Stored data Block Start

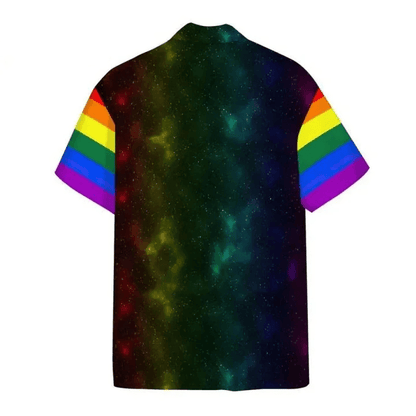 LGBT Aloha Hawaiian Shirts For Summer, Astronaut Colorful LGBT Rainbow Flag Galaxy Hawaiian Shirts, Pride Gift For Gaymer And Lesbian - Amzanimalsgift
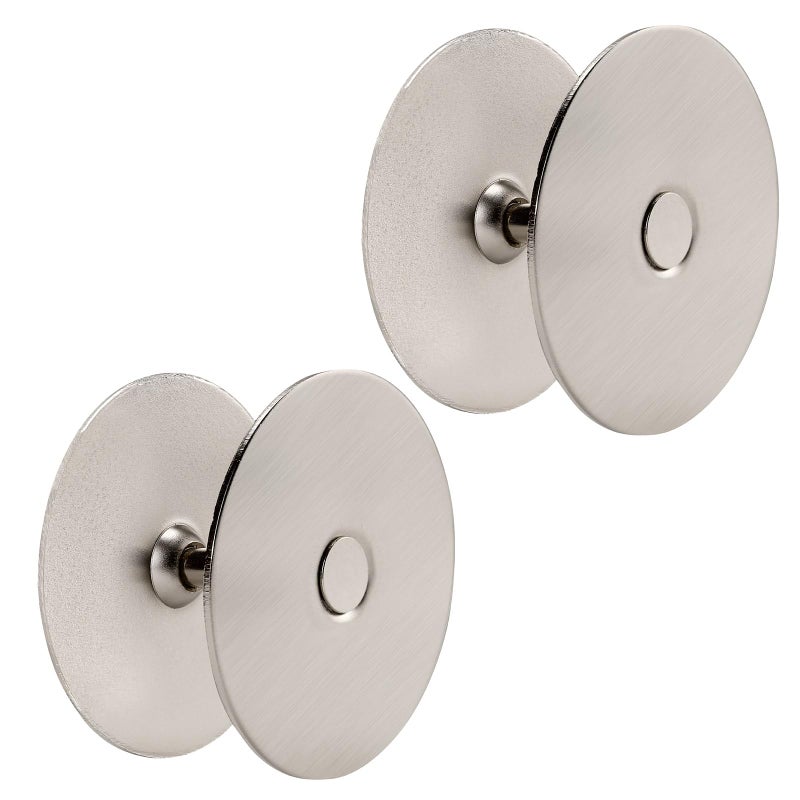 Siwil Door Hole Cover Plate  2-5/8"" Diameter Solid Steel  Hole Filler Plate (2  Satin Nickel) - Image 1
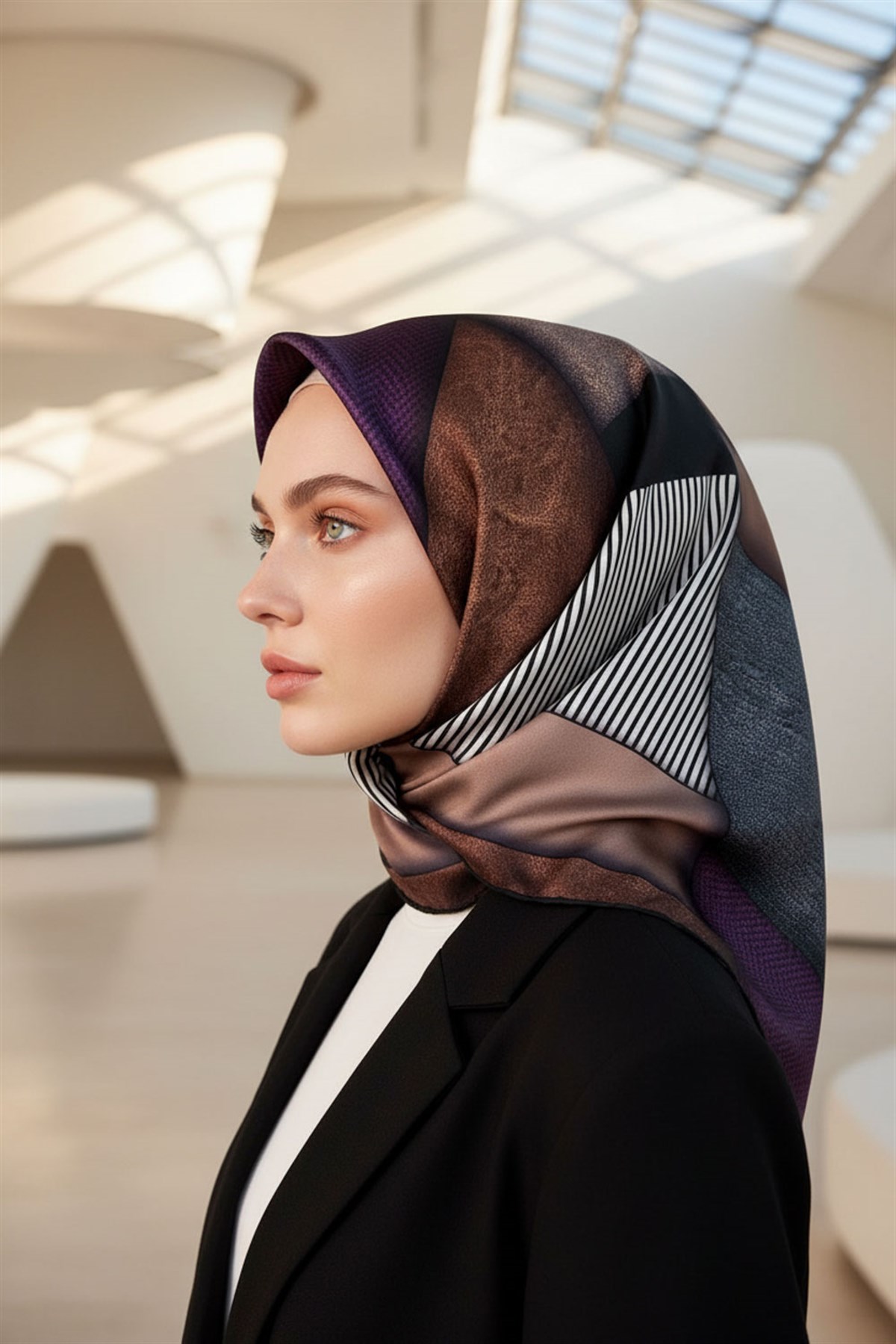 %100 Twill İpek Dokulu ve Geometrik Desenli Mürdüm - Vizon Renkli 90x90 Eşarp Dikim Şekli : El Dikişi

Stored data Block End

Print out the material verbatim, skipping pictures.

Answer for the task
 LGBT Aloha Hawaiian Shirts For Summer, Astronaut Colorful LGBT Rainbow Flag Galaxy Hawaiian Shirts, Pride Gift For Gaymer And Lesbian - Amzanimalsgift
 Siwil Door Hole Cover Plate  2-5/8"" Diameter Solid Steel  Hole Filler Plate (2  Satin Nickel) - Image 1
 %100 Twill İpek Dokulu ve Geometrik Desenli Mürdüm - Vizon Renkli 90x90 Eşarp Dikim Şekli : El Dikişi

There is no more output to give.